En l’espèce, une société avait été mise en redressement judiciaire le 17 octobre 2016 – soit avant l’entrée en vigueur de la loi du 9 décembre 2016 –, avant que cette procédure ne soit convertie en liquidation judiciaire le 28 mai 2018, conduisant dans la foulée le liquidateur à rechercher la responsabilité du dirigeant pour insuffisance d’actif.

Riche idée dans la mesure où la Cour d’appel d’Aix-en-Provence, le 2 mars 2023, condamna le dirigeant à contribuer à l’insuffisance d’actif. Elle considéra en effet que les éléments comptables transmis par le dirigeant étaient insuffisants à démontrer qu’il s’était acquitté des obligations mises à sa charge en qualité de dirigeant, le liquidateur restant dans l’attente de la transmission du bilan de l’année 2015 et du grand livre de l’exercice 2016. De fait, le dirigeant avait bien commis une faute consistant dans la tenue d’une comptabilité incomplète, irrégulière ou fictive. Plus encore, les juges du fond ont considéré que cette absence de tenue d’une comptabilité complète et régulière avait empêché le dirigeant d’avoir une vision de l’état financier de la société et de prendre ainsi les mesures nécessaires pour tenter de juguler les difficultés de la société, contribuant ainsi à l’insuffisance d’actif.

Au regard de cette condamnation, on ne saurait être surpris du pourvoi formé par le dirigeant. Depuis que la loi du 9 décembre 2016 a ouvert la brèche des contestations pour de telles condamnations en distinguant, avec le critère de la « simple négligence », les fautes qui doivent être pardonnées de ce celles qui ne le peuvent, il était logique que le dirigeant s’en saisisse pour échapper à sa responsabilité.

Grand bien lui en prit puisque la Cour de cassation a censuré l’arrêt d’appel, au visa de l’article L. 651-2 du code de commerce dans sa rédaction issue de la loi du 9 décembre 2016. Après avoir rappelé que « la loi du 9 décembre 2016, qui écarte, en cas de simple négligence dans la gestion de la société, la responsabilité du dirigeant au titre de l’insuffisance d’actif, est applicable immédiatement aux procédures collectives en cours et aux instances en responsabilité en cours », la chambre commerciale a considéré que les motifs retenus par les juges du fond étaient impropres à caractériser des fautes qui ne soient pas une simple négligence.

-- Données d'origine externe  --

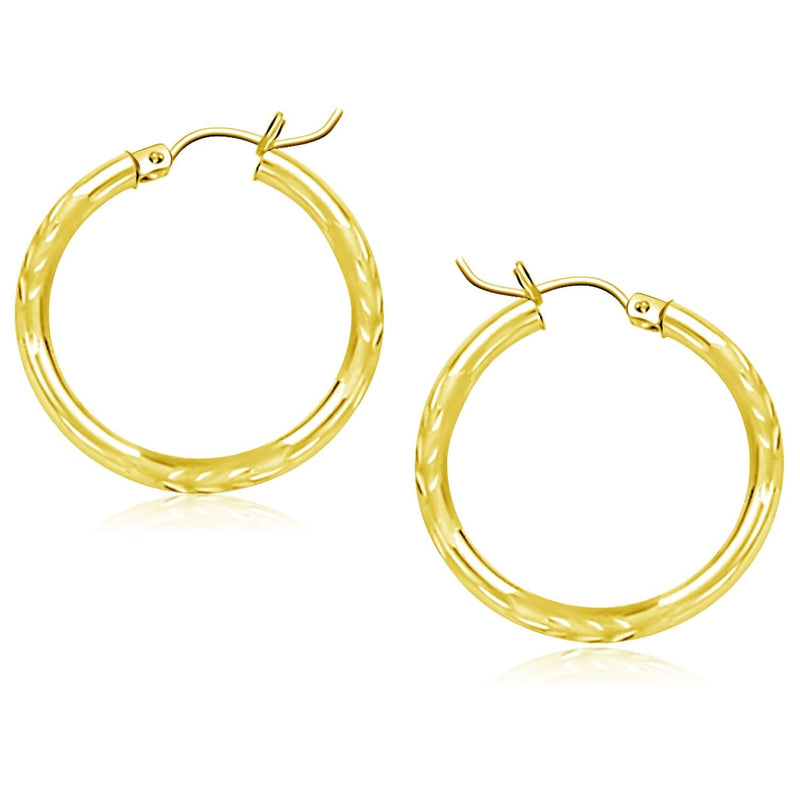 14k Yellow Gold Diamond Cut Hoop Earrings (25mm) 14K yellow gold hoop earrings with diamond-cut faceted finish, 25mm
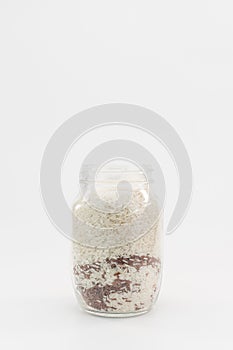 glass container with white and brown rice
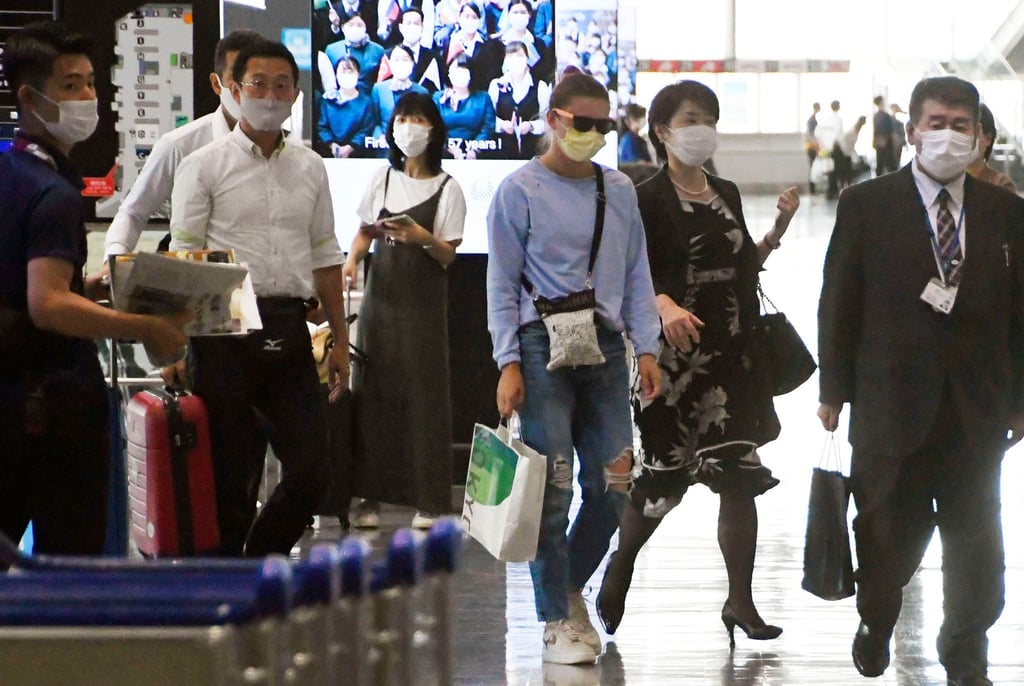 Sprinterin Kristina Timanowskaja auf dem internationalen Flughafen Narita.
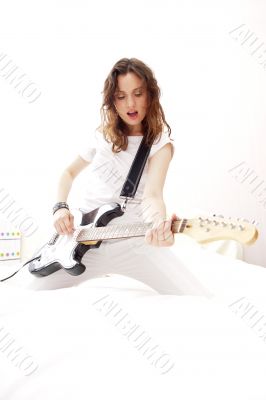 Portrait of beautiful young and attractive womanplaying her guit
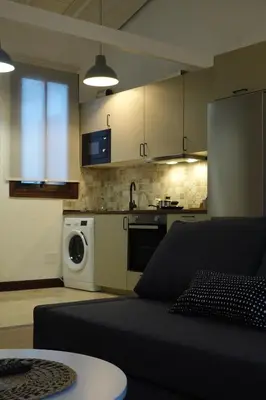 a living room with a couch and a kitchen at Apartamento Casa Dalí in Jerez de la Frontera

Ces deux positions – l’application dans le temps de l’exception de simple négligence et sa caractérisation – méritent de s’y arrêter tant elles apparaissent discutables.

L’application dans le temps de l’exception de « simple négligence »

L’affirmation selon laquelle la loi du 9 décembre 2016, écartant la responsabilité pour insuffisance d’actif en cas de « simple négligence », est d’application immédiate aux procédures collectives en cours et aux instances en responsabilités en cours, n’est pas nouvelle. Elle réitère une position déjà dégagée, notamment avec force dans une salve d’arrêts rendus le même jour en 2020 (Com. 5 févr. 2020, n° 18-15.062, n° 18-15.064, n° 18-15.070, n° 18-15.072 et n° 18-15.075 ; v. égal., Com. 17 juin 2020, n° 18-18.321, Rev. sociétés 2021. 127, note F. Reille ). Mais réitération ne veut pas nécessairement dire raison. Pourquoi, en effet, opter pour la théorie de l’application immédiate de la loi nouvelle chère à Roubier (P. Roubier, Le droit transitoire. Conflits des lois dans le temps, préf. L.-A. Barrière, 2e éd., Dalloz, rééd. 2008, n° 39) et non le principe de rétroactivité in mitius afin de justifier le bénéfice de l’exception de la simple négligence ? Certes la question a déjà été traitée, et fort bien traitée (v. not., N. Ida, Action en responsabilité pour insuffisance d’actif : retour sur l’application dans le temps de l’article L. 651-2 du code de commerce, D. 2020. 1005 ). Certes encore, du point de vue du résultat de l’espèce – le bénéfice de l’exception de simple négligence –, celui-ci demeure le même suivant le fondement choisi.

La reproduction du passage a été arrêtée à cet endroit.